[Information supplied — start]
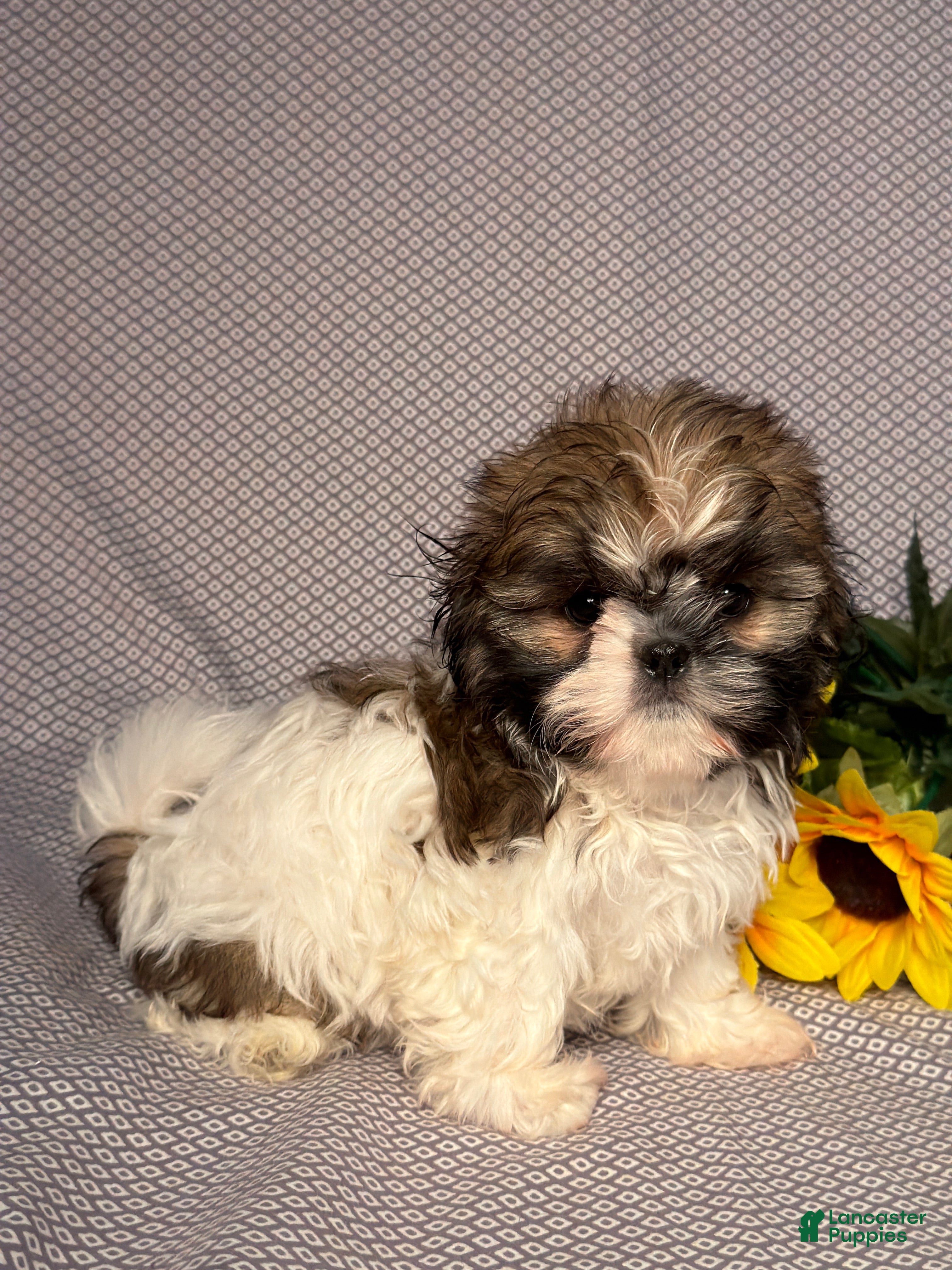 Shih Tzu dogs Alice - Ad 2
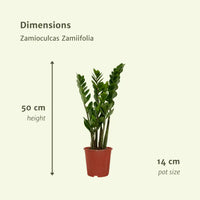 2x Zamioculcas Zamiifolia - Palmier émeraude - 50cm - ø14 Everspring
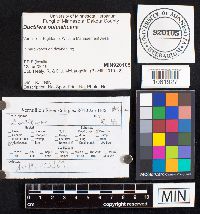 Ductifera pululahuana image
[Information supplied — finish]
[Information supplied — start]
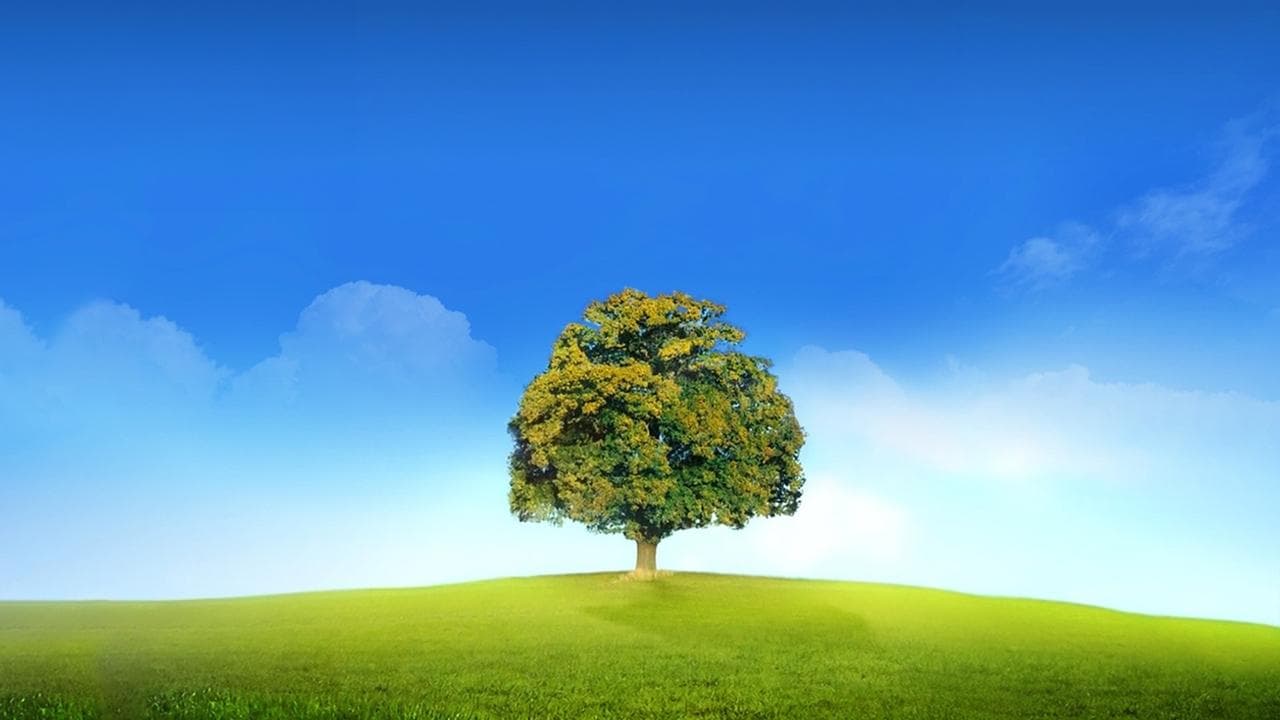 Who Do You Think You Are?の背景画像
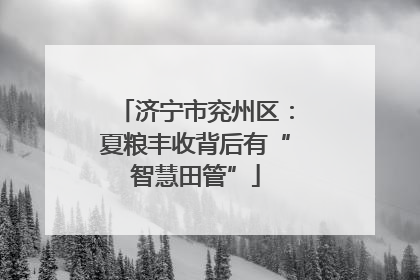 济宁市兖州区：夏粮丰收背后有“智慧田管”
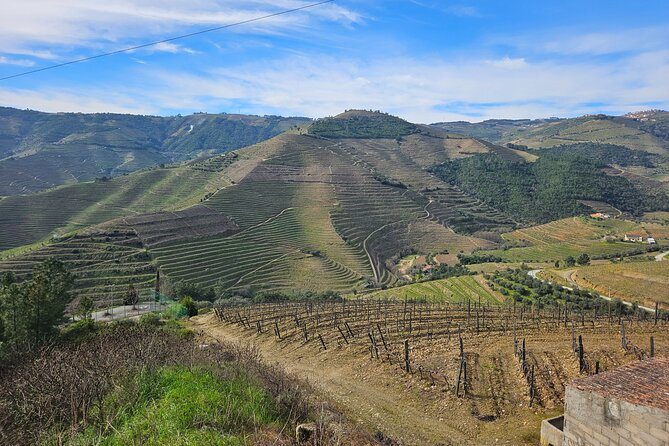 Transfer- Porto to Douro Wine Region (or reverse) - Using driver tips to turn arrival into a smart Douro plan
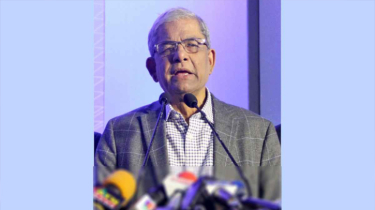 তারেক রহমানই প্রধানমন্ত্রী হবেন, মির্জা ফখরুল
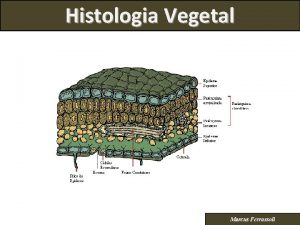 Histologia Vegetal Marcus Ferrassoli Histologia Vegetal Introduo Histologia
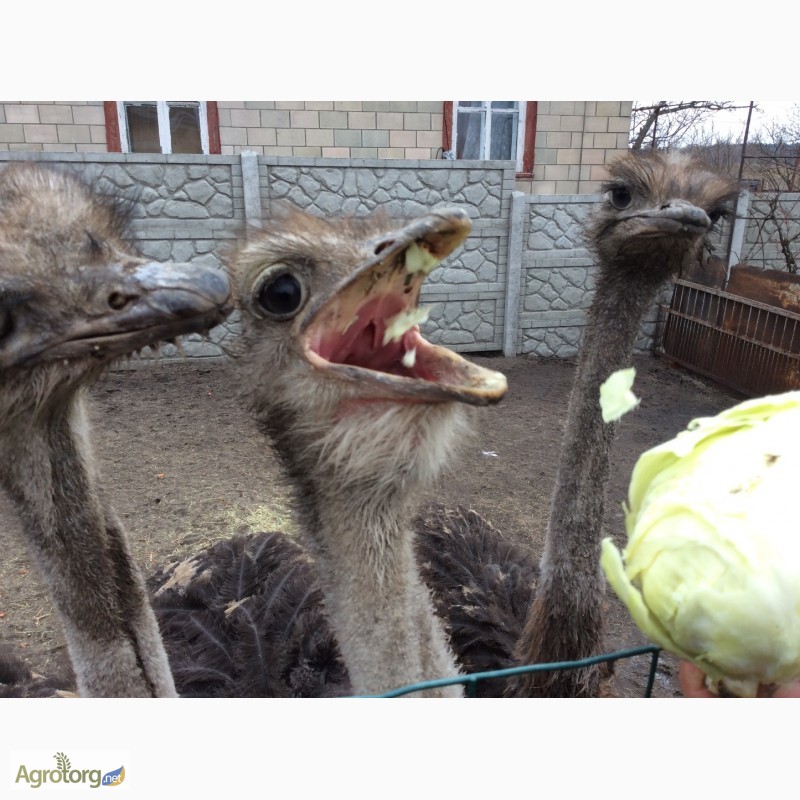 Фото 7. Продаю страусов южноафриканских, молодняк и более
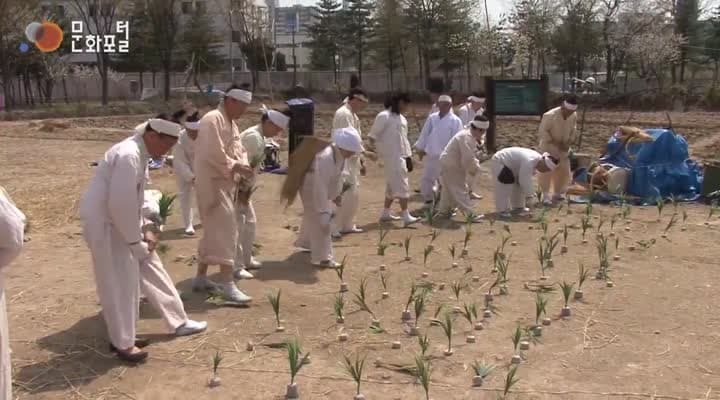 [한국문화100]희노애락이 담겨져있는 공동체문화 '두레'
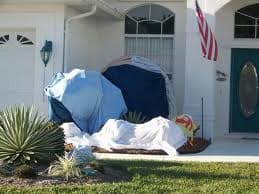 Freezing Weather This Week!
[Information supplied — finish]
[Information supplied — start]
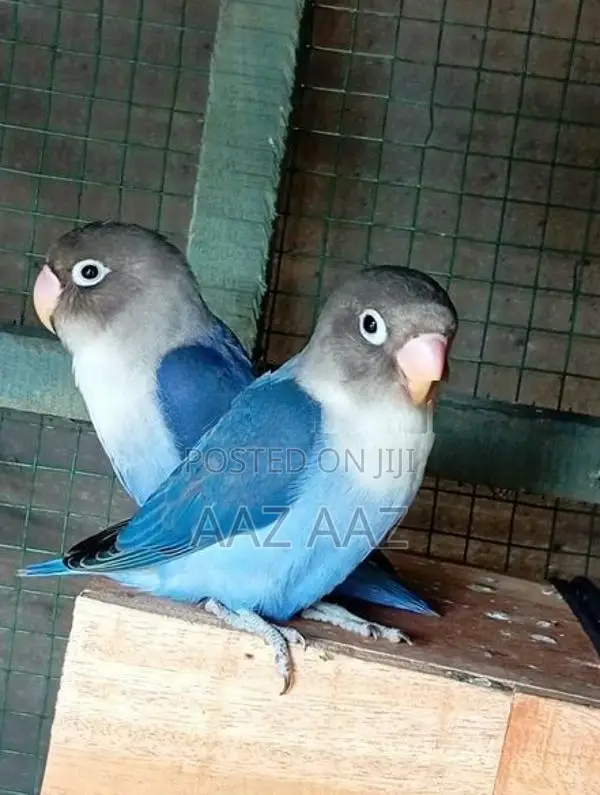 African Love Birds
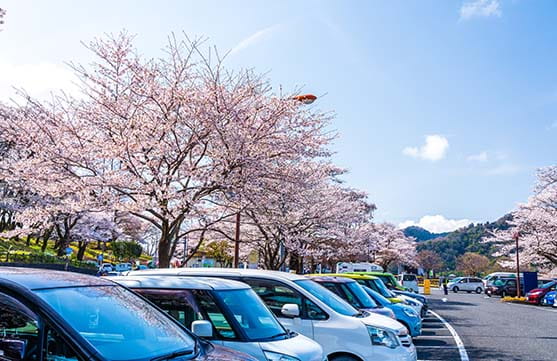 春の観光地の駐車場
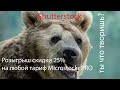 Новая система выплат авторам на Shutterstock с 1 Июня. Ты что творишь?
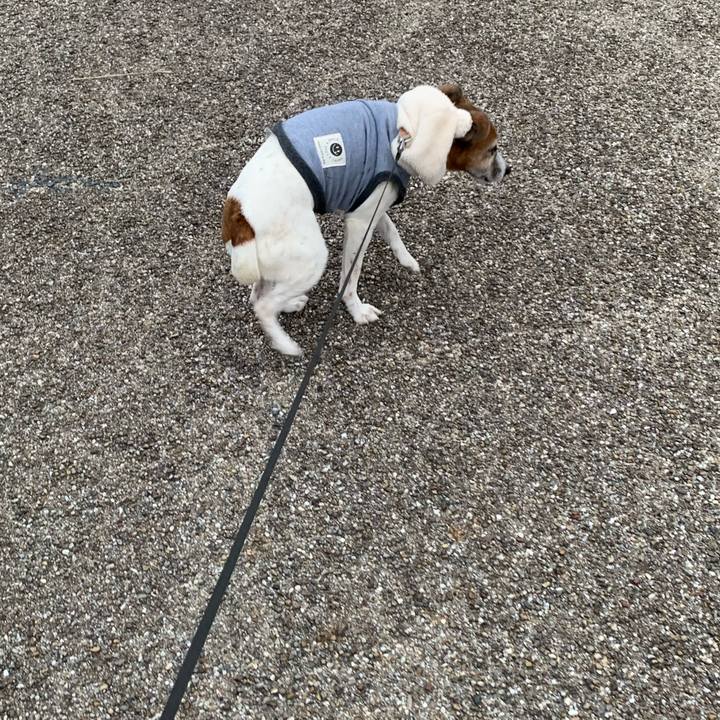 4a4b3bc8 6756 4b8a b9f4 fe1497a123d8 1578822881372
[Information supplied — finish]
Exact repeat of the material above: every line from the one with "Transfer- Porto to" through the one with "Freezing Weather This Week!", endpoints included, and nothing more. No pictures.

◆ Result ◆
 Transfer- Porto to Douro Wine Region (or reverse) - Using driver tips to turn arrival into a smart Douro plan
 তারেক রহমানই প্রধানমন্ত্রী হবেন, মির্জা ফখরুল
 Histologia Vegetal Marcus Ferrassoli Histologia Vegetal Introduo Histologia
 Фото 7. Продаю страусов южноафриканских, молодняк и более
 [한국문화100]희노애락이 담겨져있는 공동체문화 '두레'
 Freezing Weather This Week!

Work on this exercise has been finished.